China affirms national security trial for Kovrig, Spavor after two years in prison
Michael Kovrig (left) and Michael Spavor, the two Canadians detained in China, are shown in these 2018 images taken from video. Canadian prisoner Michael Kovrig is trying to hold on to a sense of humour as he and fellow countryman Michael Spavor approach one year in solitary confinement in China, says Kovrig's current boss. THE CANADIAN PRESS/AP
Mike Blanchfield, The Canadian Press
Published Thursday, December 10, 2020 5:25AM EST
Last Updated Thursday, December 10, 2020 12:26PM EST
UPDATE: Nothing has changed in the legal process for detained Canadians Michael Kovrig and Michael Spavor since June, sources tell CTV News. According to the sources, a translation error on comments by a Chinese official Thursday resulted in incorrect information that the two had been brought to court for trial. An earlier version of this story included that information.

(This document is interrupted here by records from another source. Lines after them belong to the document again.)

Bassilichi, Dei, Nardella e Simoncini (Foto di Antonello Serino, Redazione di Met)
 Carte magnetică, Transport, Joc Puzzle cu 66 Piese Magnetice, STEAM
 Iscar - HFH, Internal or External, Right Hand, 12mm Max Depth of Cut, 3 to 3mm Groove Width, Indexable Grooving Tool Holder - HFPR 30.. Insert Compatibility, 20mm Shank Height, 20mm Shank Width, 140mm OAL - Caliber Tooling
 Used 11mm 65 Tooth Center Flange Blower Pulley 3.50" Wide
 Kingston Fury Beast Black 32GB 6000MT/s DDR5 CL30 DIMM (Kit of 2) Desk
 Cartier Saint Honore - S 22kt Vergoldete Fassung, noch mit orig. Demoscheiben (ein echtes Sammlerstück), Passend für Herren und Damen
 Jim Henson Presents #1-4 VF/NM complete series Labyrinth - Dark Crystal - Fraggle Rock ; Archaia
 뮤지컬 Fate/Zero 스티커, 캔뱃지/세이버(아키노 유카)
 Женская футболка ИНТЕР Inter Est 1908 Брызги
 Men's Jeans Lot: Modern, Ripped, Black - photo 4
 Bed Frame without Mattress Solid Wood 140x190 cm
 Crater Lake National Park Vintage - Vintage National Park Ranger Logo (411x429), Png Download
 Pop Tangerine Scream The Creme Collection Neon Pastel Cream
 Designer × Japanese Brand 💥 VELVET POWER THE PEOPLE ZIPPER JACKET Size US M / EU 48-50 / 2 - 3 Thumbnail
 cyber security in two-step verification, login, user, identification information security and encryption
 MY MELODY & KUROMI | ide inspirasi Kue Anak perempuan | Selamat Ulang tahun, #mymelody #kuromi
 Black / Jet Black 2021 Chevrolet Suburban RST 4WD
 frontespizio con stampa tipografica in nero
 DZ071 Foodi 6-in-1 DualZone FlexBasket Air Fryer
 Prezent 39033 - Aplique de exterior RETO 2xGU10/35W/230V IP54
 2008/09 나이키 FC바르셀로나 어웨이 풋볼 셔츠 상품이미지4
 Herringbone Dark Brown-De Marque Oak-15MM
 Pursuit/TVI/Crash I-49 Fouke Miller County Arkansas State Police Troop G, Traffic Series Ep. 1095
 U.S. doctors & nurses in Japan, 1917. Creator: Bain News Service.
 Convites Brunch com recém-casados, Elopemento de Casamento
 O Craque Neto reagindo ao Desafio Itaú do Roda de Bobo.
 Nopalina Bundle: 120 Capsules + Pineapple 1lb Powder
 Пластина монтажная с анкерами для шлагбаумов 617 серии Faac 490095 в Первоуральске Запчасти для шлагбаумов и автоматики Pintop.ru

OTTAWA - China affirmed Thursday that Michael Kovrig and Michael Spavor will face a national security trial as Canada and its allies urged Beijing to release the pair, saying they were being arbitrarily imprisoned.
The two Canadian men - known in Canada and abroad as the “two Michaels” - marked two full years behind bars on Thursday, in separate Chinese prisons, on what Canada and dozens of its Western allies say are unfounded espionage charges.
China has faced accusations of so-called hostage diplomacy for acting in retaliation for the RCMP's December 2018 arrest in Vancouver of Chinese high-tech executive Meng Wanzhou on a U.S. extradition warrant.
None of that criticism has fazed China, and that was crystal clear again on Thursday when the spokeswoman for its foreign ministry dismissed a suggestion that if Meng's case were somehow resolved, Kovrig and Spavor could be released.
“You are very concerned about when they can get back home. So are we for Ms. Meng Wanzhou's safe return. Her case is of a completely different nature from the cases you mentioned,” said Hua Chunying, according to an English translation of her remarks on her ministry's website.
She said Meng's case “is a political one” and “the two Canadian citizens were arrested, prosecuted and will be tried for suspected crimes endangering China's national security. The entire process is completely in accordance with law and the two Canadians' lawful rights have been guaranteed.”
Foreign Affairs Minister Francois-Phillipe Champagne said the last two years “have been stolen from Mr. Kovrig and Mr. Spavor” as well as their families and loved ones.
“These two Canadians are an absolute priority for our government, and we will continue to work tirelessly to secure their immediate release and to stand up for them as a government and as Canadians,” the minister said in a statement.
“We are grateful to the many countries around the world that have expressed support for Canada and for Mr. Kovrig and Mr. Spavor.”
The United States marked the day by calling on China to immediately release them.
“We echo the calls from the Canadian government, the international community, and the families of Michael Kovrig and Michael Spavor for these two men to be released immediately and returned home,” said a statement from the acting American ambassador to Canada, Katherine Brucker.
The U.S. wants to extradite Meng on fraud charges.
Prime Minister Justin Trudeau recently spoke to U.S. president-elect Joe Biden about the “two Michaels,” fuelling speculation that the Americans might be considering withdrawing their case against Meng, which could pave the way to freedom for the two Canadian men.
Brucker's statement made no mention of the Meng case.
“I think we should keep all options open and using our relationship with international partners, diplomacy, working with the United States on this. I think everything has to be available,” said NDP Leader Jagmeet Singh.
Singh also said he wasn't going to criticize the Trudeau government's handling of the case, saying the issue was complex and that he wasn't prepared to reduce it to a matter of “partisan posturing.”
“These are our Canadians that are in horrible conditions,” said Singh.
“I can't imagine what it's like for the families, and for Mr. Spavor or Mr. Kovrig. What they're going through is very terrible.”
Conservative Leader Erin O'Toole reiterated past criticism that the Trudeau government has been weak and ineffective in dealing with China on Kovrig and Spavor.
“So, to suggest that this has been handled well over the last two years is fantasy,” O'Toole said Thursday.
Kovrig's boss at the International Crisis Group begged to differ.
“There's never been a moment where I felt they weren't focused on this,” Robert Malley, who served on the national security team in the Barack Obama administration, said in an interview.
“So, I can't ask for more.”
Malley also said while he may have “differences” with the Republican Trump administration they too have had not shied away from taking the plight of the two Michaels seriously.
“And that gives me hope that for the U.S. and Canada, this is a matter of urgency and a priority.”